[ 41 ]

3.6K 427 264
                                    

Gözlerimi araladığımda göğsümde hissettiğim baskıyla birlikte derin bir nefes alamamıştım. Kısa ve kesik nefeslerimle elimi göğsüme götürüp kalbimi yokladım. Hala acı içinde olduğumu hissediyordum. Kötü ruh hali hala üzerimdeydi. 

Etrafa bakmak istediğimde kafamı çevirmemle onu görmüştüm. Yatak başlığımın biraz gerisinde olan bir sandalyede uyukluyordu. Başı yan tarafa düşmüş ve kollarını göğsünde birbirine bağlayarak gözlerini yummuştu. Çok derin uyumadığı her halinden anlaşılıyordu ama neden buradaydı?

Ellerimi yatağa bastırarak yavaşça doğrulduğumda aniden sıçramış ve adımı sayıklayarak bana doğru hareketlenmişti. İkimizinde açılmış gözleri birbirini bulduğunda sadece bakıştık. Dün cehennemden farksız bir gün geçirmiş olmam, onun dudaklarını unutturmamıştı bana. Bir süre sessizce bakıştıktan sonra eski yerine oturmadı ve yanıma gelip yavaşça yatağıma oturdu.

"Nasıl hissediyorsun?"

"Bilmiyorum." dedim sessizce. Asıl siz nasıl hissediyordunuz? Dün olanlardan sonra benim hakkımda ne düşünüyordunuz?

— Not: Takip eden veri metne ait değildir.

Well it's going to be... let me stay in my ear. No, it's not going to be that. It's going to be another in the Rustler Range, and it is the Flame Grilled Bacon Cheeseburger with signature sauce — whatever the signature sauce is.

"İyi görünüyorsun." Eskisi kadar yakın olmasa da tavırları yine de gülümsemişti. Sadece dudaklarımı kıvırdığım da başımı öne eğdim. 

"Eve ne zaman geldik? Hiçbir şey hatırlamıyorum."

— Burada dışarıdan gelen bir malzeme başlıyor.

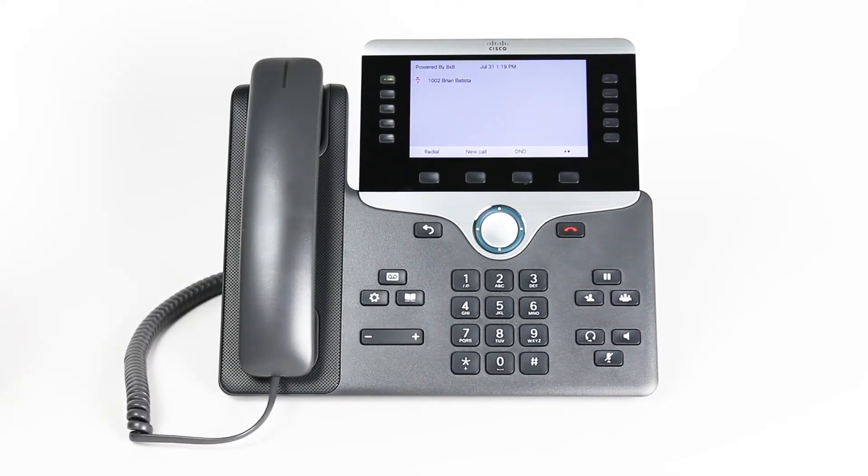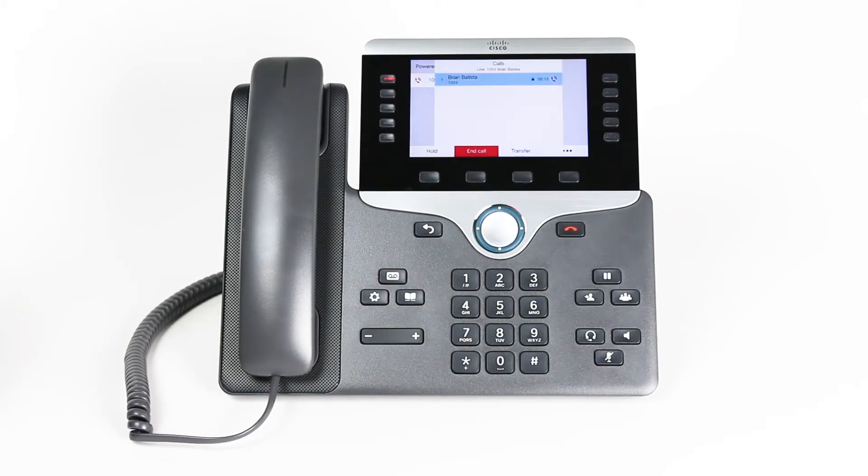It's easy to access your voicemail from your phone. Press the voicemail hard key. This will connect you to the voicemail system. Follow the voice prompt to enter your password, retrieve your messages, or access other voicemail options.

"Sinir krizi geçirdikten bir süre sonra bayıldın. Çok geçmeden de doktor geldi. Şanslıydık ki o taraflarda bir işi varmış. Sonra eve geldik ve seni yatırdık." Cümlesine devam edecekmiş gibi durdu ve dönüp pencereye baktı. "Sabah olmak üzere." 

"Yine sizi endişelendirdim." Kendi kendime kızıp söylenirken dağınık saçlarımı arkaya bıraktım. Üzerimde hala dün ki bordo, askılı elbisem vardı. 

"O garip şeylerden sonra bu kadar korkup bayılman normaldi bence. Biz bile hiçbir şeye anlam veremezken, vücudunun bunu kaldırmaması normal." Korktuğum için bir sinir krizi geçirdiğimi düşünüyorlardı. 

"Sen korkmadın mı?" Onu kısa bir süre süzmemin ardından beni yakalamasıyla geri bakışlarımı indirdim. O da kıyafetlerini değiştirmemişti. Yeni doğan ve arkadan vuran gün ışığı yeşilimsi, mavimsi ve grimsi saçlarına vuruyordu. Saç renginin tam olarak ne olduğu hakkında bir fikrim yoktu.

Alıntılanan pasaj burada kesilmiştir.